How does the workflow turn a broad topic into a research question that’s grounded in the actual field?
Why does the agent emphasize multiple queries per database instead of a single keyword search?
What does “result analysis” mean in this workflow, and how do columns change the quality of the output?
How does the workflow generate research gaps with lower risk of unsupported claims?
What report formats and citation controls are supported for the final literature review?
How do scoping reviews and systematic literature reviews differ in the agent workflow?
Review Questions
- What specific steps in the workflow help ensure the research question matches the field’s current directions (not just the user’s interests)?
- How does reranking and top-paper selection (e.g., top 100, top 30 for extract insights) influence the reliability of research-gap summaries?
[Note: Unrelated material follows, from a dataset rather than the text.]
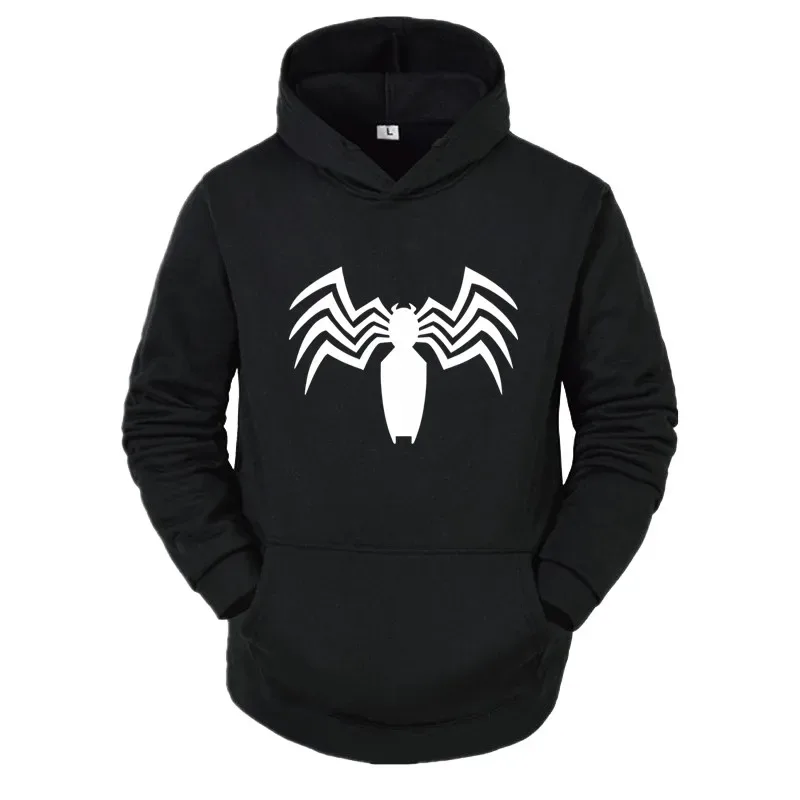 2026 Autumn and Winter New Men's Hoodie Street Fashion Spider Print Sportswear Women's fleece Casual Fun Wear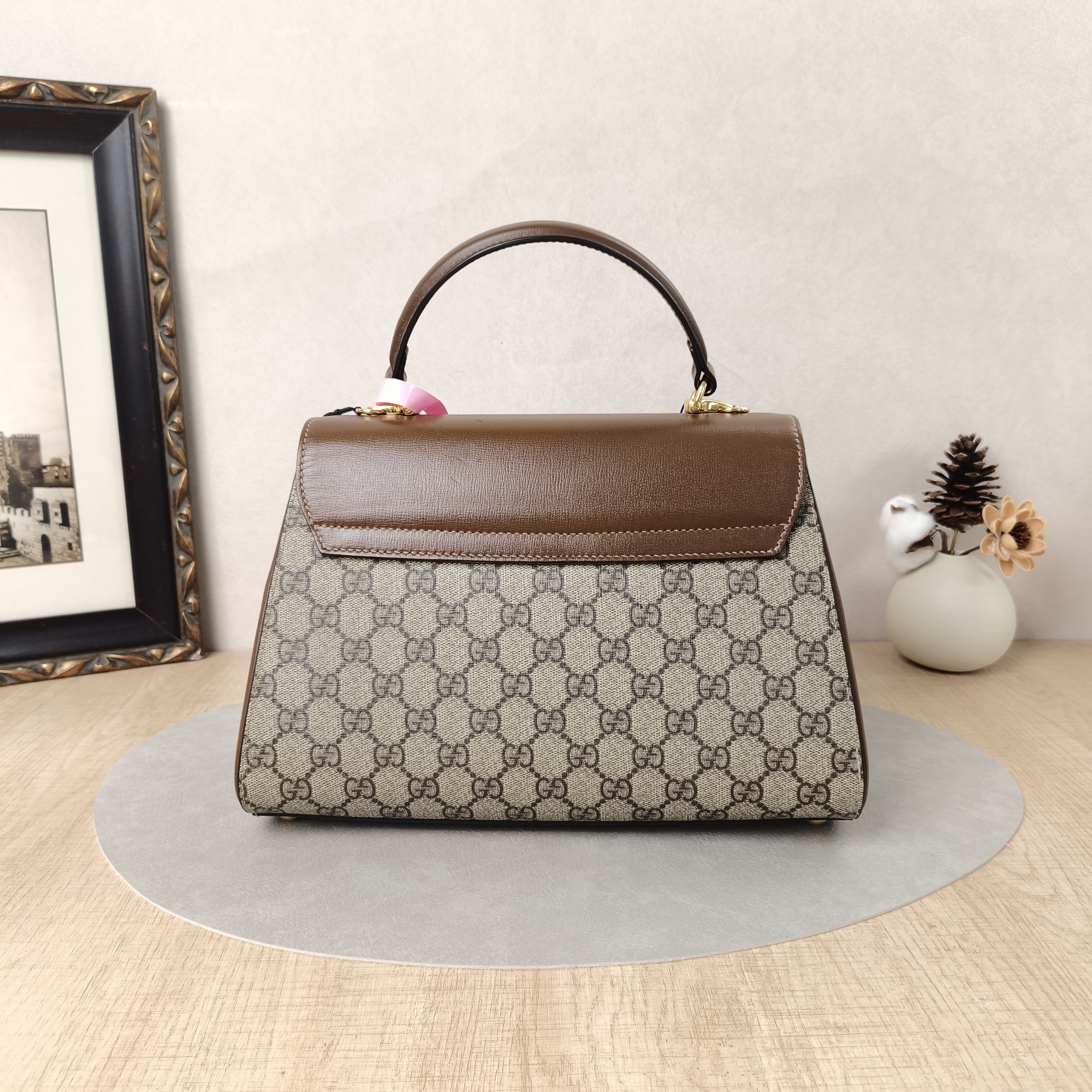 GUCCI Top Handle Bag Horsebit 1955Collection Top Handle Bag Monogram PVC Medium29 × 13 × 20 cm — cover view 4 of 6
- When adding columns like limitations and future scope, what downstream tasks become easier and more systematic?
Key Points
- 1
Start with deep domain discovery (deep preview) to ground the research question in the field’s major concepts and research directions before collecting large paper sets.
- 2
Run multi-database searches with multiple query variants per source, using Boolean-style prompts where they work best (notably for Google Scholar).
- 3
Combine and rerank results, then use the top-ranked papers as the structured base for extraction and synthesis.
- 4
Add columns to extract structured fields from PDFs (methods, limitations, future scope, evaluation metrics), enabling fast, parallel analysis.
- 5
Generate research gaps by mining limitations and future directions, then summarize them through citation-backed “extract insights” to reduce unsupported claims.
- 6
Produce final review outputs in Markdown or LaTeX (including IEEE-style/two-column templates) so citations and formatting match manuscript needs.
- 7
Use different review modes—critical, scoping, systematic (PRISMA-style)—depending on whether breadth, evaluation, or strict screening is the priority.